“I must say, the place seems made for something like this happening. Do you see how the line curves away from this side?”

“Why shouldn’t it?”

“What I mean is, it would be very hard for anybody to see Brotherhood fall out of the train unless he was travelling in the same coach: the other coaches would be out of view (unless a man were leaning right out of the window), simply owing to the curve—and of course a fog would make the job all the easier.”

“By Jove, that’s true. I must say, I stick to my murder theory, whatever the jury make of it. In fact, I hope they will bring in suicide, because then the police won’t be fussing round all over the place. It looks to me like a murder, and a carefully planned one.”

“I’d just like to try your stone-throwing trick once more. Look here, I’ll lean over the edge and watch it fall. Only we shall want a bigger stone, if you can find one.”

“All right. Only they’re all little ones between the sleepers. I’ll look along the bank a bit.
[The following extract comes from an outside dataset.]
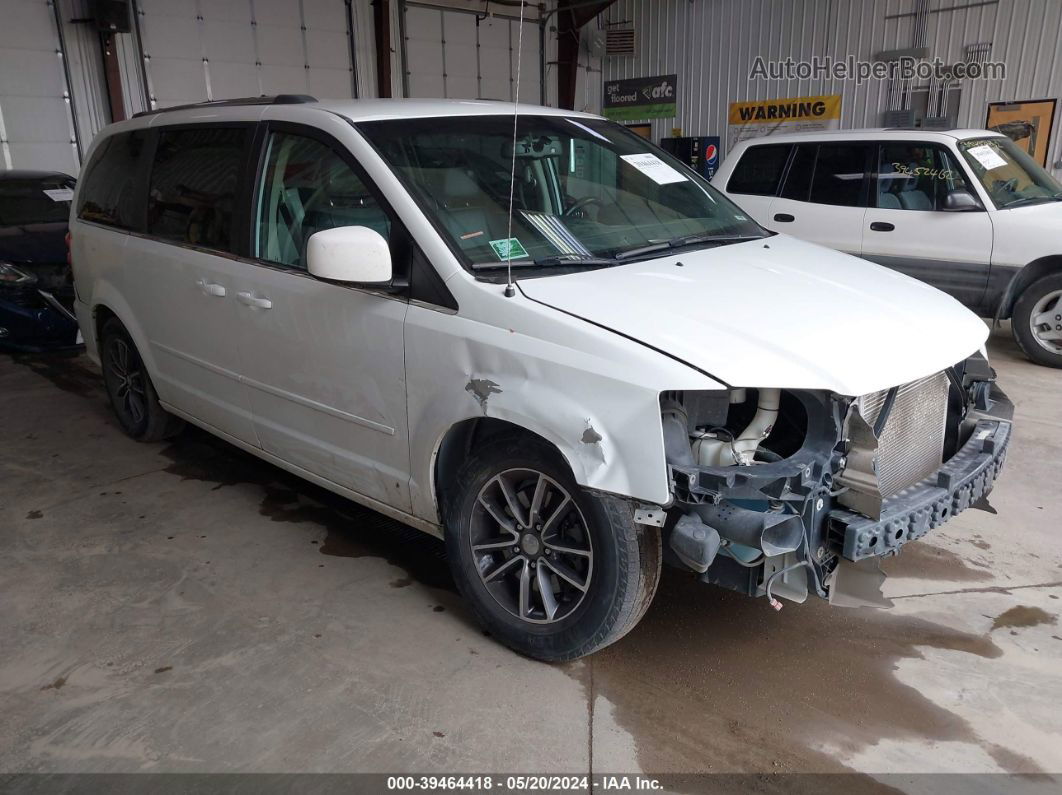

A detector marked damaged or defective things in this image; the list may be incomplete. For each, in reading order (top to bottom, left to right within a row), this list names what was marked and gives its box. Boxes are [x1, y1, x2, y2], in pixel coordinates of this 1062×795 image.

dented side panel [403, 282, 722, 524]
damaged front end of minivan [654, 354, 1011, 607]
I say, what the devil’s this?”

It was a sight that on most days would have given little surprise to the pair; a common enough sight, indeed, down in the valley, but up here a portent. Caught in a clump of grass, some twenty yards down the line in the Paston Oatvile direction, was a golf-ball.

“That beats everything,” declared Gordon. “I don’t believe Carmichael on his worst day could slice a ball a hundred feet up in the air and lodge it in that clump.”

Reeves was examining the trove intently. “I don’t like this a bit,” he said. “This is practically a new ball, not the sort of ball a man would throw away casually as he walked down the line. A Buffalo, I see—dash it all, there are at least a dozen of us use those. Who’ll tell us whether Brotherhood used them?”

“I say, steady on! You’ve got this murder business on the brain. How can you tell the ball hasn’t been there weeks and weeks?”